Orcas vor der Küste Patagoniens haben eine ganz andere Jagdkultur: Sie erbeuten Robben am Strand, indem sie sich absichtlich stranden lassen und ihre Beute dann in tieferes Wasser ziehen. „Diese Kultur muss sehr aktiv gelehrt werden“, sagt Narganes Homfeldt. Tiere, die die Technik nicht perfekt beherrschen, schaffen es nicht zurück ins Wasser und verenden. Allen Orca-Populationen gemeinsam ist, dass die Beute unter den Gruppenmitgliedern aufgeteilt wird, wobei die Schwertwale meistens nur bestimmte Körperteile fressen und den Rest anderen Arten überlassen, etwa Seevögeln.
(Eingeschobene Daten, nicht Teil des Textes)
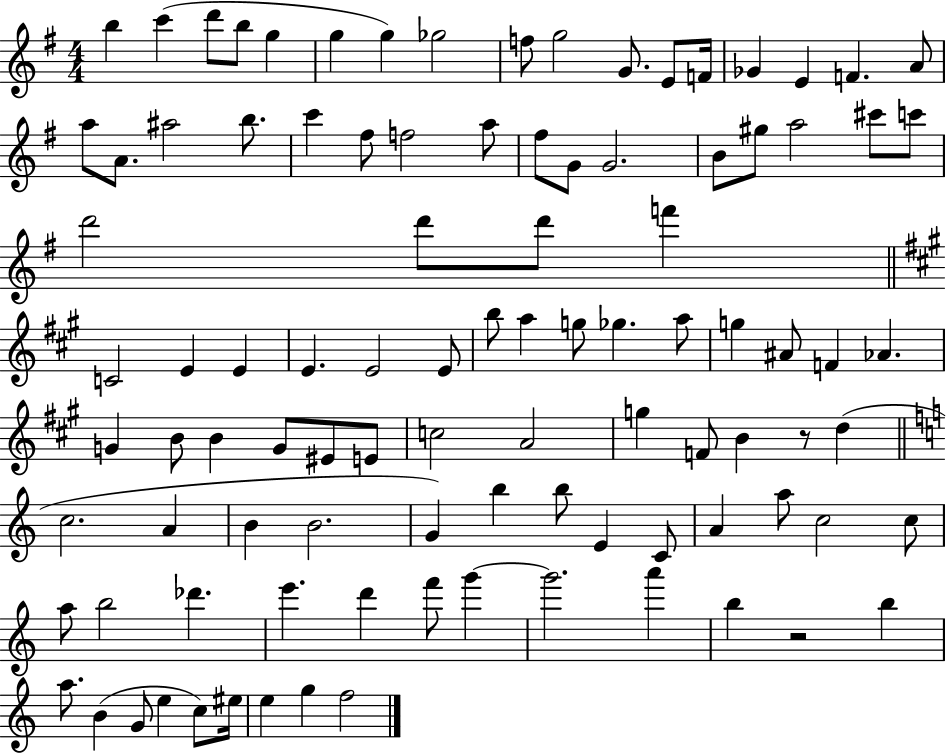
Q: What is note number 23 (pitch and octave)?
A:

Ob sich die Fischhut-Kultur bei den Southern Resident Orcas erneut etabliert, muss sich zeigen. „Bis jetzt wurde nur ein einziger Fall beobachtet“, sagt Narganes Homfeldt. „Was aber nicht heißt, dass es nur einmal passiert ist.“ Vor 40 Jahren hatte sich das Verhalten in der ganzen Population ausgebreitet. Die Meeresbiologin hält es für wahrscheinlich, dass ein Tier, das den Fischhut-Trend in den 1980er-Jahren erlebt hat, die Mode jetzt wieder aufgegriffen hat. Schließlich werden Orca-Bullen bis zu 60 Jahre alt, Orca-Kühe manchmal sogar 80 bis 90 Jahre. Wie Giles vermutet auch Narganes Homfeldt, dass das Verhalten mit einem Überangebot von Nahrung zusammenhängt. Doch ob der Sinn wirklich ist, Nahrung für schlechtere Zeiten zu lagern? Möglicherweise haben die hochintelligenten Tiere auch ein ganz anderes Motiv: einfach nur spielen und ein bisschen Spaß haben.